**Source data**

====================

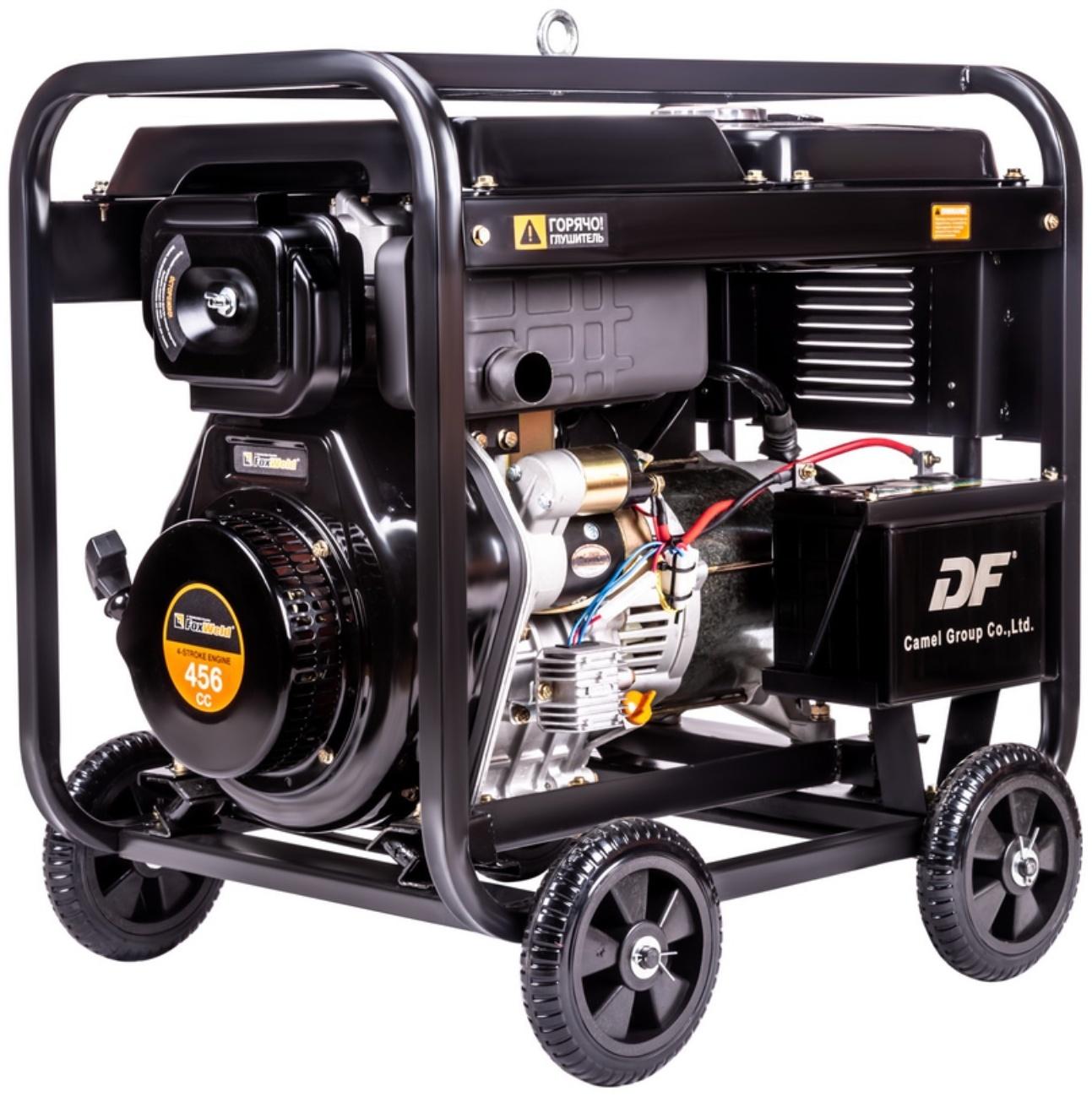 Генератор дизельный Foxweld D5500-1, 220 В, 5.5 кВт, 1ф, 1x16A + 1x32A, ручной/электростарт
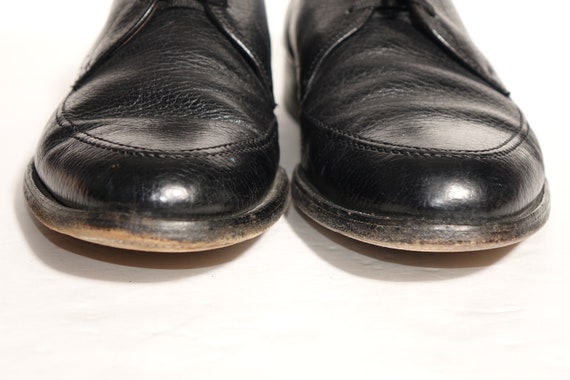 Vintage E T Wright Shoes Men's Size 9.5 E Black L… - image 3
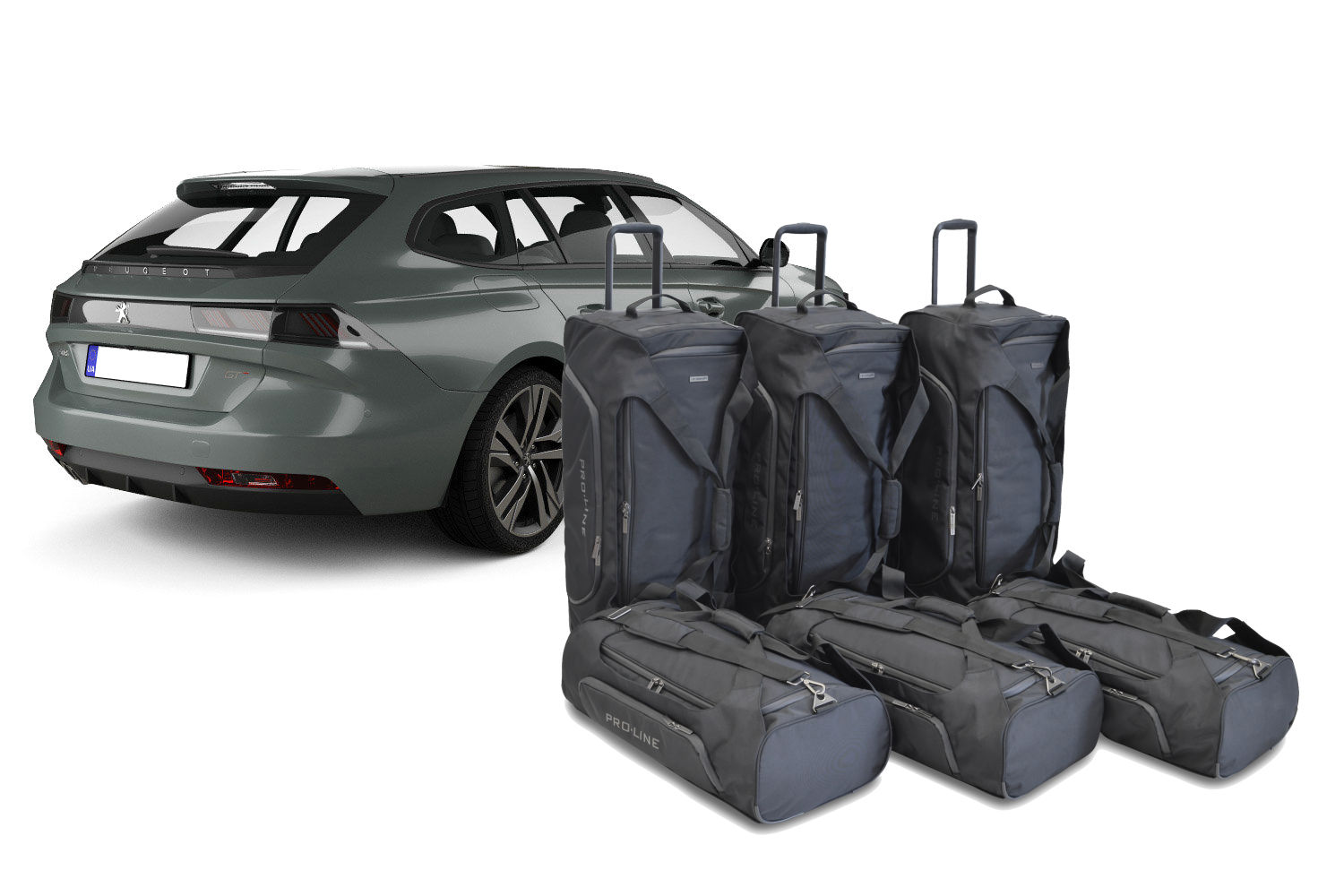 Reistassenset geschikt voor Peugeot 508 II SW 2019-heden wagon Pro.Line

====================

**About this task**
Nothing but the lines from the one containing "Vintage E T" through the end of the listing is to be output, and those lines are to be output exactly, pictures excluded.

**Reply**
 Vintage E T Wright Shoes Men's Size 9.5 E Black L… - image 3
 Reistassenset geschikt voor Peugeot 508 II SW 2019-heden wagon Pro.Line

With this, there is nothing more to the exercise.